It has rate limits for some reason.
Meta is working on a tool to ID images and video created with its new image generation model, Muse Image. The company showed off a preview of the web-based tool that can check for the invisible watermarks used by the new model.
This watermarking system, called Content Seal, remains in place "even when cropped, compressed, resized, or screenshotted," Meta explains in a blog post. "We're previewing a detection tool that lets you check whether an image carries a Content Seal watermark, providing an initial way to help you better understand if an image was made with Meta AI."

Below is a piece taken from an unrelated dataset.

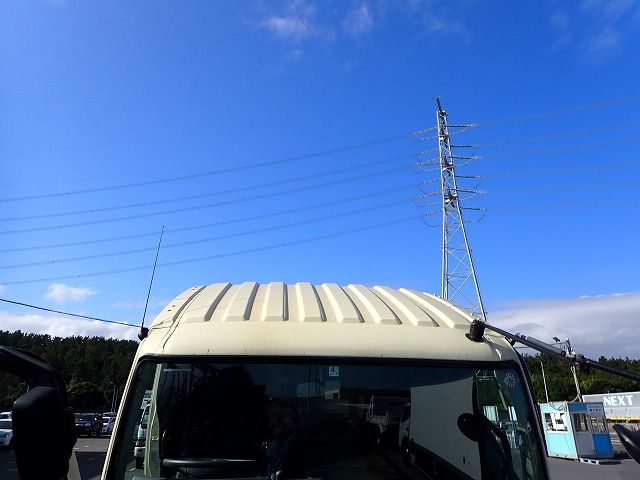 MITSUBISHI FIGHTER 2016/3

Content Seal seems to be a somewhat new approach for Meta. The version that's part of Muse Image is proprietary, though the company has previously released open-source versions of the tech, Meta told Engadget. Meta's new models don't include any visible watermarks, like some previous versions of Meta AI that added a small logo to the bottom right corner.
For now, Meta AI's detection abilities are limited to images that are created or edited with Muse Image, though the company said it plans to expand Content Seal watermarks to AI-generated and edited videos as well. Meta is also working on a separate video generation model called Muse Video that will be "coming soon." I tried out the new detection feature on images I created today with Meta AI and the web-based tool was able to detect a watermark for edited images and entirely AI-made creations (like the one pictured above). It also found the watermark in screenshots of my images. "A positive result means that the image was generated or edited using the Meta AI app or meta.ai," the company explains in an FAQ. "A negative result means it is unlikely that the image was processed using Meta AI app or meta.ai."

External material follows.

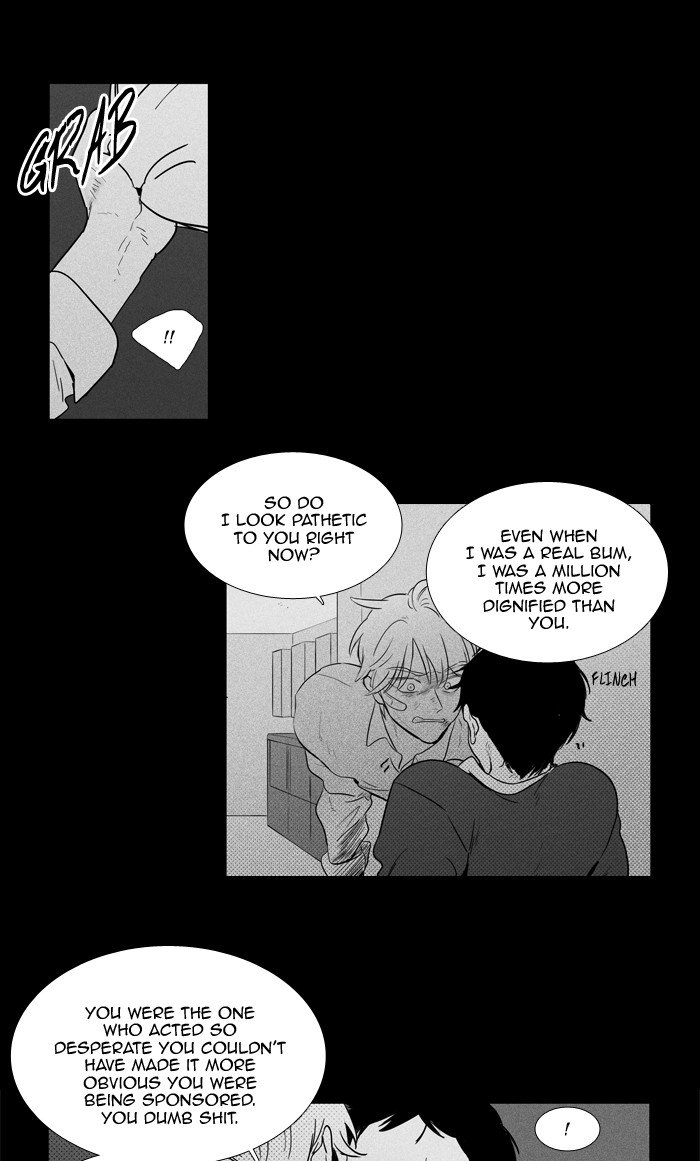 Read Cheese in the Trap Season 1 En Manga Online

Interestingly, Meta AI's new detection abilities don't seem to be part of the Meta AI app yet. When I asked Meta's app-based assistant about an image the web tool had identified as AI-made, it replied that it did not have the ability to check. "I can't tell you definitively if this specific image was made with Meta Al just by looking at it," it said. "Meta Al doesn't automatically watermark images, and I don't have a tool that can detect which Al model made an existing image."

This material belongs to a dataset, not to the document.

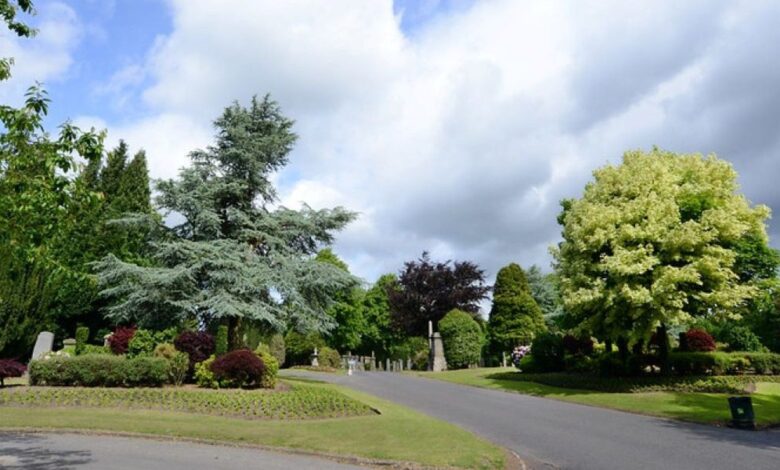 Falkirk Council eyes first long-term bereavement strategy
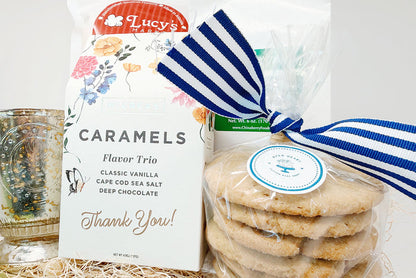 Thank You Basket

Meta has previously faced some criticism for how it labels and identifies AI-generated material in its apps. The Oversight Board told the company earlier this year that it was "concerned" that Meta was "inconsistently implementing" digital watermarks on AI content created by its own tools.
The new feature does still seem to have some other limitations, though. Content Seal is not compatible with SynthID or C2PA Content Credentials, two established watermarking methods used by other companies. The web-based feature was unable to identify images created or edited with earlier versions of Meta's AI models in my testing. When I added images created in older chats with Meta AI, it was unable to tell me if the image was made with its AI. The feature also appears, for some reason, to be subject to Meta's rate limits. After up a handful of examples, I was alerted that I had reached my "daily limit on identification checks."